Tavistock progeny star on international stage

1 Jun 2017

An influx of international weekend winners has ensured a new wave of breeders has begun to flock to Tavistock.

Cambridge Stud's star Montjeu stallion enjoyed success in Hong Kong, Singapore, Australia and New Zealand, highlighted by reigning Hong Kong horse of the year Werther's explosive win in the Gr.1 Standard Chartered Champions & Chater Cup (2400m) at Sha Tin on Sunday.

It was the John Moore-trained and Hugh Bowman-ridden Werther's second Group One win back from a long injury layoff and a performance that has thrust him right into contention for another horse of the year title.

"That was all class," Moore declared afterwards.

In Singapore, Tannhauser continued his rise through the ranks with a tenacious win at Kranji, his third straight victory for trainer Michael Clements and rider Vlad Duric to set up a tilt a bigger targets later in the year.

Cambridge Stud boss Sir Patrick, watching Singapore closely and a shade testy after Infantry's second placing in the Sing-Gr.2 Stewards Cup, has kept close tabs on Tannhauser's progress.

"He can only win and he's keeping on doing that. They think he's pretty special," said Sir Patrick, who bred Tannhauser with his wife Justine, Lady Hogan.

Infantry was not the only Tavistock galloper denied a significant win in the weeked, with Salsamor running a meritorious second placing at Flemington on Saturday as his sire's only two-year-old runner in action.

However, the Trent Busuttin and Natalie Young-trained Tessastock ensured Tavistock gained a weekend win in Australia when he carried Kevin Hickman's colours to victory at the Sunshine Coast..

Following on from Pacorus' Gr.3 Rotorua Cup win in New Zealand the previous weekend, Tavistock mare Tomelilla continued her rise through the ranks with a strong Ellerslie win, her second in succession and fourth from just 10 starts.

Afterwards, trainer Murray Baker paid tribute to Tomelilla's toughness.

"Tomelilla was headed more than once in the run home but didn't chuck it away. [She] showed a lot of heart," said Baker, who trains in partnership with Andrew Forsman.

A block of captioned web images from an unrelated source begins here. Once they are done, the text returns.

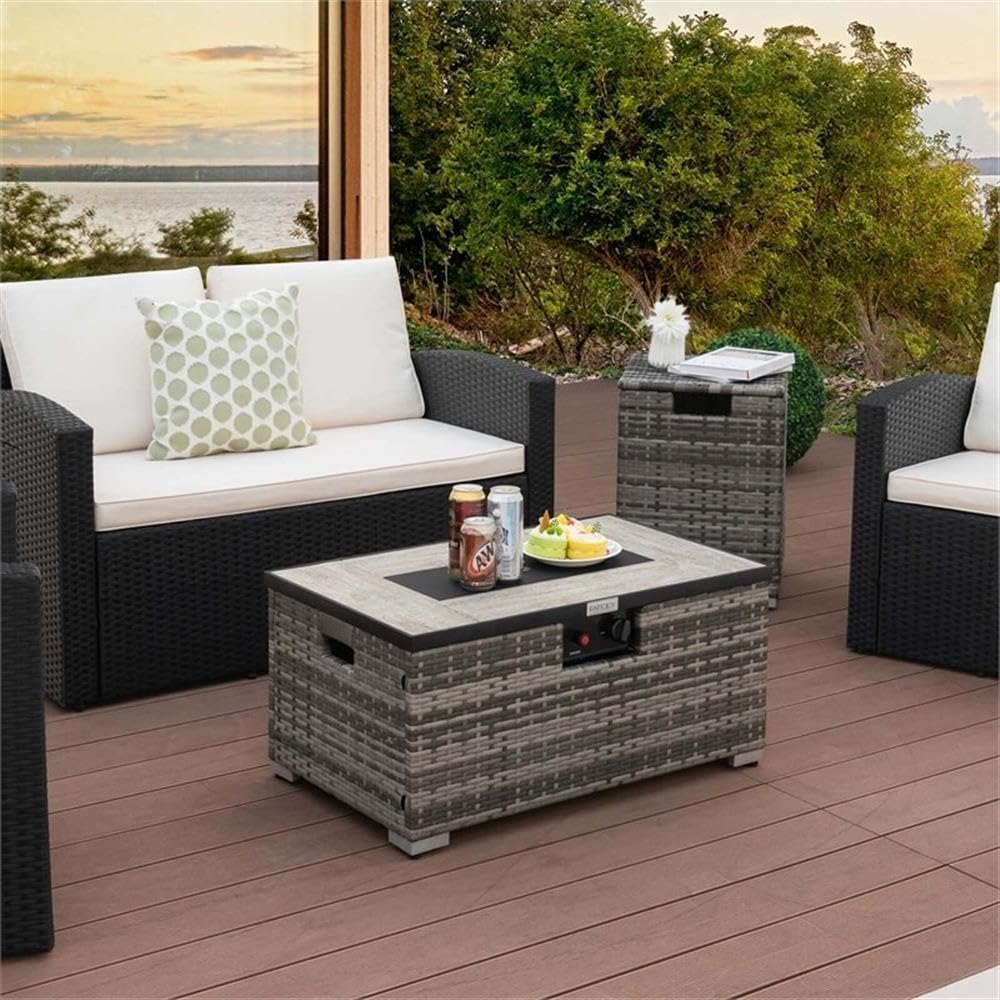 Pemberly Row 32''x 20'' Propane Fire Pit Table Set w/Side Table Tank Gray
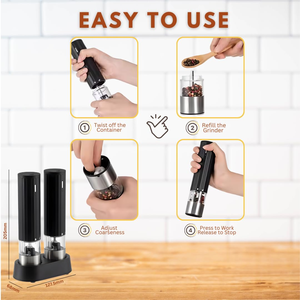 2026 New Rechargeable <b>Large</b> Capacity Electric Spice Mills Ceramic Burr <b>Grinder</b> Electric Salt and <b>Pepper</b> <b>Grinder</b> with LED Light - Product Image 4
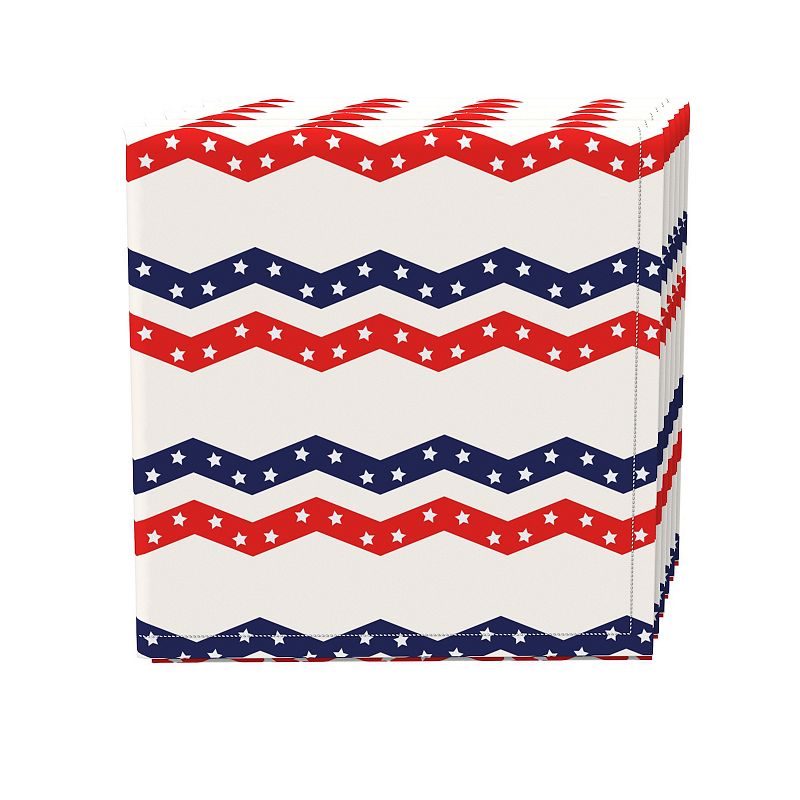 Napkin Set of 4， 100% Cotton， 20x20， Patriotic Chevron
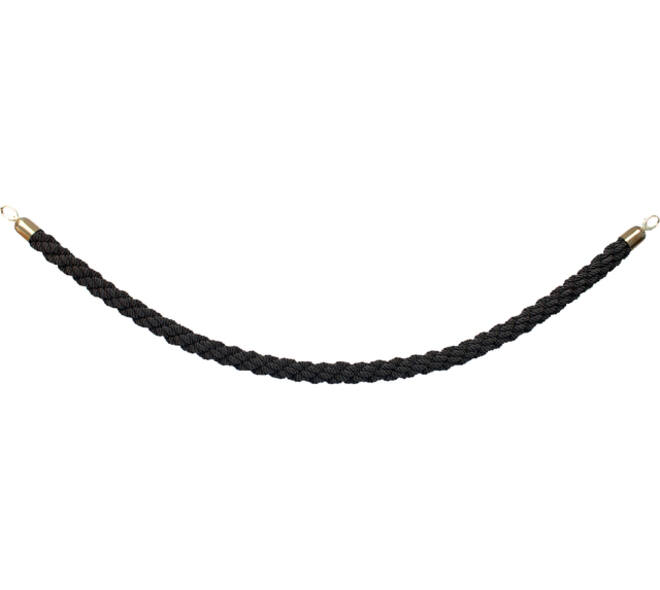 Afzetkoord Securit 150cm zwart met goudkleurige knop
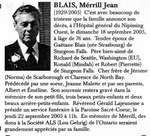 Nécrologie / Obituary Mérrill Jean Blais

The weekend's results have added further impetus for Tavistock after a strong summer in which his stock were prominent on the feature days, none more so than his perennial Group One winner Volkstok'n'barrell, who claimed New Zealand's richest weight-for-age race, the Herbie Dyke Stakes (2000m) at Te Rapa.

"The crazy thing is these horses that are out there doing a job for Tavistock now are out of mares that breeders sent on an $8000 stud fee," Sir Patrick said.

"After that he served a better class of mare and the results of those matings will be on the racetrack in the coming seasons so it's a pretty exciting time to be involved with Tavistock."

Among the mares Tavistock served last spring were Group One winners Provocative, Elegant Fashion, Seachange, Pondarosa Miss, Guiseppina, Banchee, Soriano, Veloce Bella and Shez Sinsational, as well as others the quality of Abidewithme, November Rain, La Sizeranne, Kind Return, Tarzino's dam Zarzino, Lovetrista, Diamond Like, Tavago's dam Sara Ann and Kawi's dam Magic Time.

"You know what you get with a Tavistock racehorse. They know how to run and they know how to win. They are good lookers and good performers," Sir Patrick said.

"When you look through the weekend results, it's clear the Tavistocks are continuing to roll on. Week in, week out, there's always Tavistock winners and normally there's a new rising talent emerging. They are performing to the highest level of their grade, whatever grade their rating sees them in.

"It's great to see Werther get another big win in Hong Kong. He's doing an amazing job up there and now with Tavidream heading up there, it will be interesting to see what he can do. No doubt, he'll be set for the Derby up there next year and who knows, he could be the next Werther."

Sir Patrick last month announced Tavistock would remain at a service fee of $65,000 plus GST plus a live foal guarantee.

The last remaining services to the sire will take Tavistock's book to 160 mares, the number Sir Patrick has restricted him to.